● **Information given**

[Start of Attachment]

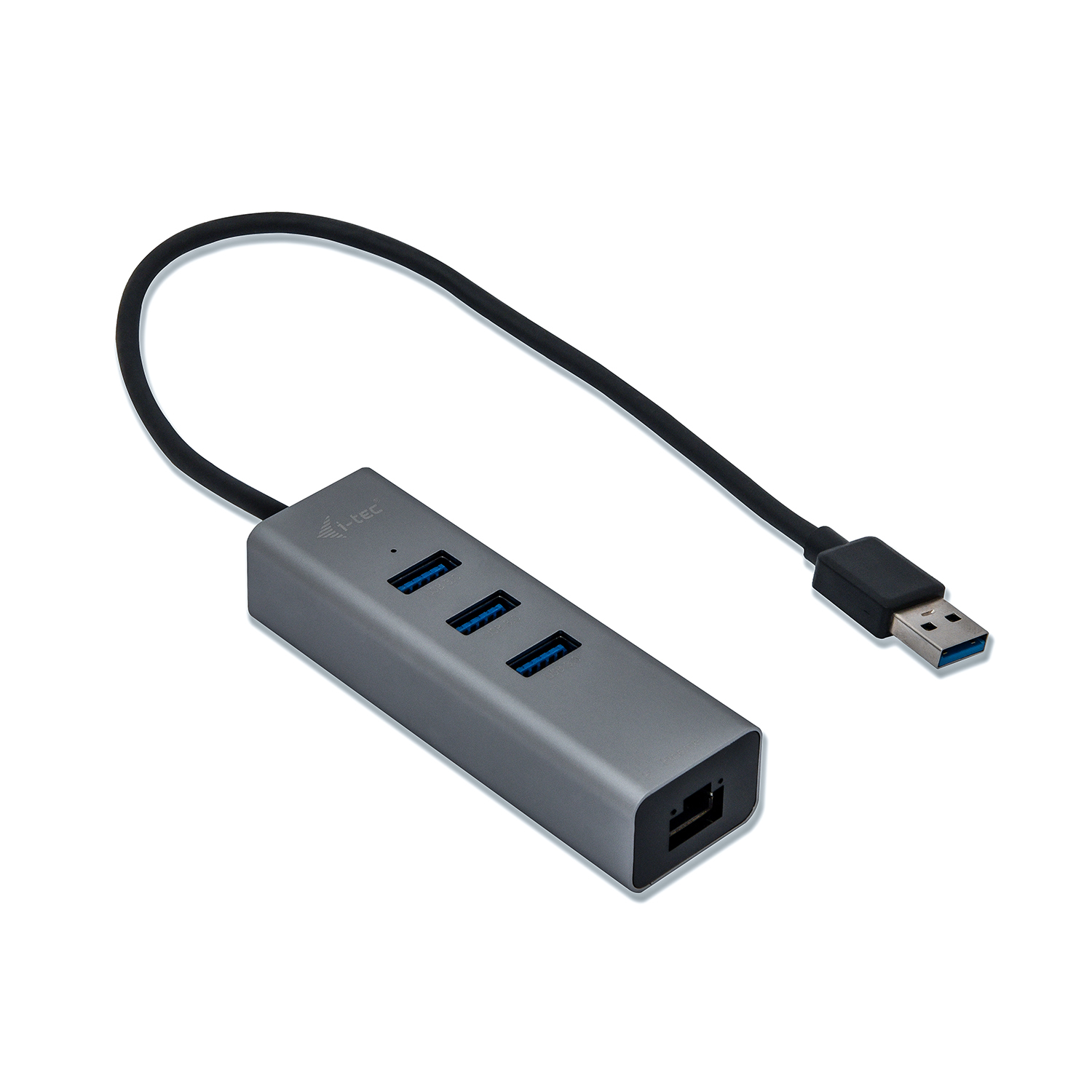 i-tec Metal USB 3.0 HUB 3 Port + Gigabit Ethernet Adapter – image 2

[End of Attachment]
[Start of Attachment]

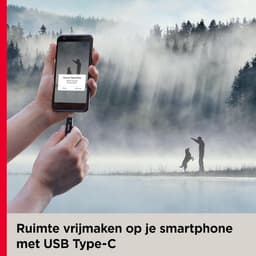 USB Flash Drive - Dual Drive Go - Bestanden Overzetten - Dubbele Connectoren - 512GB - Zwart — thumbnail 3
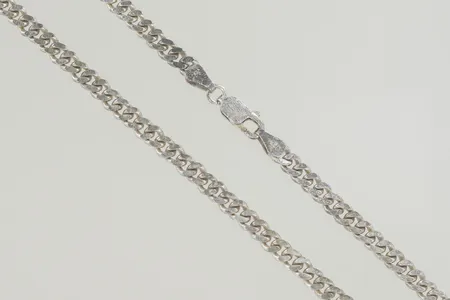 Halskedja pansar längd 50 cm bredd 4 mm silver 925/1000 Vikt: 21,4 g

[End of Attachment]

● **Task item**
Above are records with pictures. Reproduce exactly only the lines from the line with "USB Flash Drive" through the line with "Halskedja pansar längd", both ends included, and leave the pictures out.

● **Reply**
 USB Flash Drive - Dual Drive Go - Bestanden Overzetten - Dubbele Connectoren - 512GB - Zwart — thumbnail 3
 Halskedja pansar längd 50 cm bredd 4 mm silver 925/1000 Vikt: 21,4 g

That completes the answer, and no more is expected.